After this: Agents talk to each other, announce important events, coordinate complex operations.
The key difference: visibility. MCP protocols, subagent workflows, log files - that's all background magic you never see. This approach shows you the actual messages appearing in terminal windows. You watch tiny OpenCode models report back to Claude. You see Claude warn other agents about breaking changes.
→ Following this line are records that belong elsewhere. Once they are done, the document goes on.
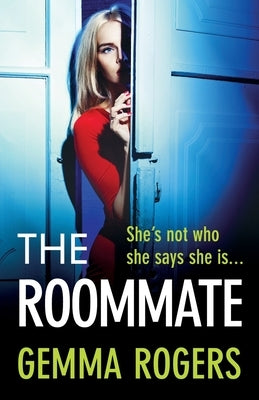 The Roommate by Rogers, Gemma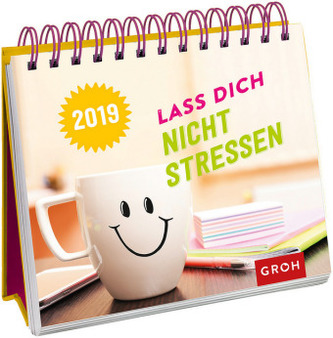 Lass dich nicht stressen 2019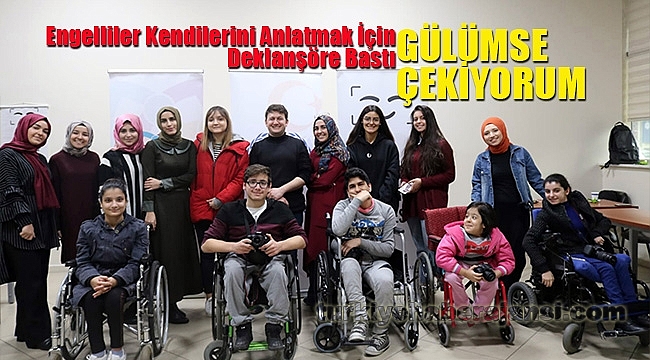 Engelliler Kendilerini Anlatmak İçin Deklanşöre Bastı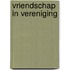 Vriendschap in vereniging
It's coordination you can verify with your own eyes.
Same with Piper TTS. No cloud APIs, no latency, no privacy concerns. Just local neural networks converting text to speech at near-realtime speeds. When OpenCode finishes a task, you hear it. When Claude hits an error, it speaks up.
This setup solves actual problems I hit daily:
- Missing build failures because they scrolled off screen
- Two agents modifying the same files without knowing
- No way to hand off partially completed work between sessions
- Silent failures that go unnoticed for hours
- Can't verify what background protocols are actually doing
- No visibility into agent coordination
Everything runs locally on the homelab:
- Discovery server tracking all agents
- TTS server with Piper neural networks
- No external dependencies, no API keys, no cloud services
- Just Unix tools and local neural networks doing exactly what I need
Here's some code for you to fuck around with. Its not production ready, clone and get it setup first.
https://github.com/williavs/slaygent-communication
The mandatory response protocol ensures agents acknowledge messages. The discovery system means agents always know where to find each other. The voice output means you never miss critical events. This is what agent coordination should look like - visible, audible, verifiable.